Fixed 3 problems that produced constant (zero) outputs regardless of input.

--------------------------------------------------------------------------------

1. level2/80_Gemm_Max_Subtract_GELU.py

Issue: After max(dim=1, keepdim=True), shape is (B,1). The mean along dim=1
of a single-element tensor equals the value itself, so x - mean = 0.

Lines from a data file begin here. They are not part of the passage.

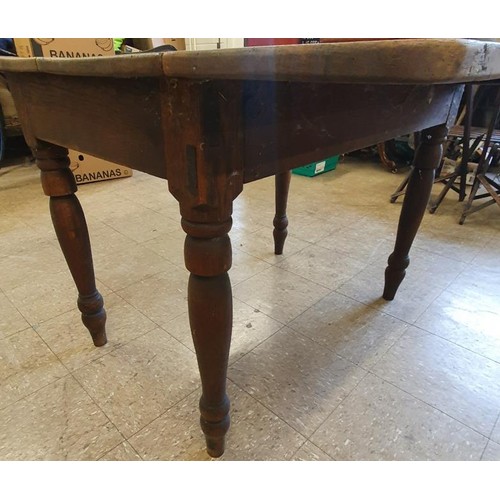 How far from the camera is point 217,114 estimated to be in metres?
0.43

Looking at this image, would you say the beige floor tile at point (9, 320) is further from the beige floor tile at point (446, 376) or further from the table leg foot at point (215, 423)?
the beige floor tile at point (446, 376)

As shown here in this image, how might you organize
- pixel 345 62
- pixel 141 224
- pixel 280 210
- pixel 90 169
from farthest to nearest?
1. pixel 90 169
2. pixel 141 224
3. pixel 280 210
4. pixel 345 62

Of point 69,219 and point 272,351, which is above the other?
point 69,219

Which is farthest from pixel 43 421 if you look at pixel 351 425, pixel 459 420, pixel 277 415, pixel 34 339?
pixel 459 420

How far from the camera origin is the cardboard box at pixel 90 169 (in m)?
2.25

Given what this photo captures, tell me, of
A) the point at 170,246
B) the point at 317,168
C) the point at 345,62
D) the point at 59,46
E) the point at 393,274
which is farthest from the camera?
the point at 317,168

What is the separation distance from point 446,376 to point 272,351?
44 centimetres

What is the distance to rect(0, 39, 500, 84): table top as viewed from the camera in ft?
1.03

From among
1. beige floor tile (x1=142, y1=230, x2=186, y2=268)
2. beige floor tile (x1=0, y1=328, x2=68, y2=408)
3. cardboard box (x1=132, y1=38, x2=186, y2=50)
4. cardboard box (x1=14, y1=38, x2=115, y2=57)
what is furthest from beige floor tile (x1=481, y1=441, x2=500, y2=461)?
cardboard box (x1=132, y1=38, x2=186, y2=50)

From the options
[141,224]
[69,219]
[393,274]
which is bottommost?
[141,224]

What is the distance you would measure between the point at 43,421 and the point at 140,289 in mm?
523

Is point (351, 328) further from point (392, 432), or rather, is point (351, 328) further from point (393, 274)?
point (392, 432)

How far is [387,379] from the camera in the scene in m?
0.89

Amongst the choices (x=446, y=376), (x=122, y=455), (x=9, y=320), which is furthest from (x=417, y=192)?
(x=9, y=320) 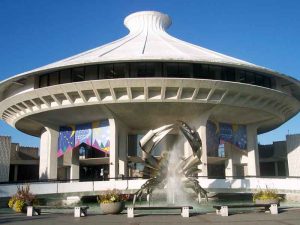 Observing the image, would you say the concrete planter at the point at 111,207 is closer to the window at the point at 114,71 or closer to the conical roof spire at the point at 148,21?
the window at the point at 114,71

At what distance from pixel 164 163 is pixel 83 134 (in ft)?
68.3

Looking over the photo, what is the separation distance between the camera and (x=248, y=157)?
43.8m

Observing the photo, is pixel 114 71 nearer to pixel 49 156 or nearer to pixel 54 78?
pixel 54 78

Fix: Changed mean dimension from 1 to 0.
- x = x - x.mean(dim=1, keepdim=True)
+ x = x - x.mean(dim=0, keepdim=True)

Why: Shape is (B,1), so mean(dim=0) gives scalar mean across B samples; each
sample's max differs, producing non-zero deviations from batch mean.

--------------------------------------------------------------------------------

2. level2/83_Conv3d_GroupNorm_Min_Clamp_Dropout.py

Issue: min(x, 0.0) forces all values ≤ 0, then clamp(min=0.0) forces all
values to exactly 0.

Fix: Changed min to use max_value instead of min_value; set max_value=0.5.
- x = torch.min(x, torch.tensor(min_value, device=x.device))
+ x = torch.min(x, torch.tensor(max_value, device=x.device))
- max_value = 1.0
+ max_value = 0.5

Why: min(x, 0.5) caps at 0.5; clamp bounds to [0,0.5], giving output in [0,0.5]
range which preserves Conv3d/GroupNorm variation.

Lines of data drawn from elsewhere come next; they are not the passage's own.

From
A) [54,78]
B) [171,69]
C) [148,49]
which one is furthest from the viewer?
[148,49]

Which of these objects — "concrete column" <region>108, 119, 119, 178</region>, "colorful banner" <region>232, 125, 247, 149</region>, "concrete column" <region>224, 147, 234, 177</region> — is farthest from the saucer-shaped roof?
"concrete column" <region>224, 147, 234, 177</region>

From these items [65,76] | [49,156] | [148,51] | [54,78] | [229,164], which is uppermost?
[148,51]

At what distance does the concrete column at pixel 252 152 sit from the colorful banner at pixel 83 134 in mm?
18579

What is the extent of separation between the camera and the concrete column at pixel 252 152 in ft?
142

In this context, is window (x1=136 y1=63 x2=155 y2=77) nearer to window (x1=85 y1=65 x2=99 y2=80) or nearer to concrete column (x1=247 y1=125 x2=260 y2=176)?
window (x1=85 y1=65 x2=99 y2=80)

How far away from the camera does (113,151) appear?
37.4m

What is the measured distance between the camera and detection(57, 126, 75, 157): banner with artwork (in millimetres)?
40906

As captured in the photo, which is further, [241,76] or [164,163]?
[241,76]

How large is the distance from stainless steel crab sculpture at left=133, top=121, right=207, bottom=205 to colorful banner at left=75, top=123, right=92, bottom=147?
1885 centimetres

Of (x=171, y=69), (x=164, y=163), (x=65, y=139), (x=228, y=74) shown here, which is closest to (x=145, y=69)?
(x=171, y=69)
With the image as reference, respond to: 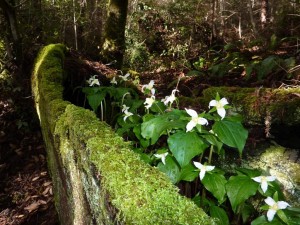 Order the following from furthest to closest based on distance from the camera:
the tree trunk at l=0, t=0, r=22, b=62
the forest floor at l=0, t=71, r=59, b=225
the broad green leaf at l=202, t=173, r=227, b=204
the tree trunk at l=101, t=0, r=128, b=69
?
the tree trunk at l=101, t=0, r=128, b=69
the tree trunk at l=0, t=0, r=22, b=62
the forest floor at l=0, t=71, r=59, b=225
the broad green leaf at l=202, t=173, r=227, b=204

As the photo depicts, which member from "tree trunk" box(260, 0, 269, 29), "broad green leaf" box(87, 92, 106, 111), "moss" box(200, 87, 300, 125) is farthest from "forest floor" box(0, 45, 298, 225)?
"tree trunk" box(260, 0, 269, 29)

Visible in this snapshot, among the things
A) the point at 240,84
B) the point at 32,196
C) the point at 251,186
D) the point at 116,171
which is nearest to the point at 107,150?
the point at 116,171

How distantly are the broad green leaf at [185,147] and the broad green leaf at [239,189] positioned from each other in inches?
12.5

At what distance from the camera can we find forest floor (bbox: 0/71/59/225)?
14.4 feet

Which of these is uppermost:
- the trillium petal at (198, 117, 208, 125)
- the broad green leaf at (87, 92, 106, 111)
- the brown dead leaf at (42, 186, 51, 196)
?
the trillium petal at (198, 117, 208, 125)

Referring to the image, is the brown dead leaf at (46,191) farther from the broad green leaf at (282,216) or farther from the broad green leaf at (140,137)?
the broad green leaf at (282,216)

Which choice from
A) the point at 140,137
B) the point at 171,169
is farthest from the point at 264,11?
the point at 171,169

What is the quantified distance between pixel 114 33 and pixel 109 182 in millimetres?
6247

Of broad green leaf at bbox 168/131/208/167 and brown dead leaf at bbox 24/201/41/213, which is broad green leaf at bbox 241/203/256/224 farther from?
brown dead leaf at bbox 24/201/41/213

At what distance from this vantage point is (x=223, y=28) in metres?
13.7

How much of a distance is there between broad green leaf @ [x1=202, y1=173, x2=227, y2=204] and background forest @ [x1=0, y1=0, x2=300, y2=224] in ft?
9.03

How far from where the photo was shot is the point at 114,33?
7324mm

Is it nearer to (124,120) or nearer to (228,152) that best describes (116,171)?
(124,120)

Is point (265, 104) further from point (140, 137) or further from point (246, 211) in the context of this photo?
point (140, 137) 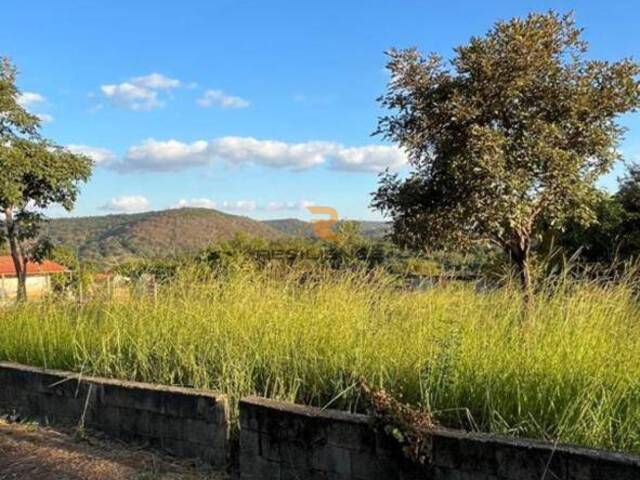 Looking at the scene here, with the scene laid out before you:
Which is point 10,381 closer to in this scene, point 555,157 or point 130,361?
point 130,361

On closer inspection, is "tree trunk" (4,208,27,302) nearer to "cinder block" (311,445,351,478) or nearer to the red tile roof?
the red tile roof

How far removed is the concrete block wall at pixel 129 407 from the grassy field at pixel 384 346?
0.26 meters

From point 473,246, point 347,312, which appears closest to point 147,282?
point 347,312

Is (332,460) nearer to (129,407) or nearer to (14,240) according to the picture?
(129,407)

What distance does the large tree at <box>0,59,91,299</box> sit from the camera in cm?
1266

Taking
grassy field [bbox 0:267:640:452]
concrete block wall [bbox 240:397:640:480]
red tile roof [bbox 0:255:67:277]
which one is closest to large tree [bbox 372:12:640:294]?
grassy field [bbox 0:267:640:452]

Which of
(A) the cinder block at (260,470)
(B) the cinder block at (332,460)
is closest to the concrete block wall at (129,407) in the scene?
(A) the cinder block at (260,470)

--------------------------------------------------------------------------------

3. level2/23_Conv3d_GroupNorm_Mean.py

Issue: GroupNorm normalizes to zero mean per group (with default affine
params γ=1, β=0). The global mean of zero-mean data is ~0.

Fix: Replaced mean with amax (global max pooling).
- x = x.mean(dim=[1, 2, 3, 4])
+ x = x.amax(dim=[1, 2, 3, 4])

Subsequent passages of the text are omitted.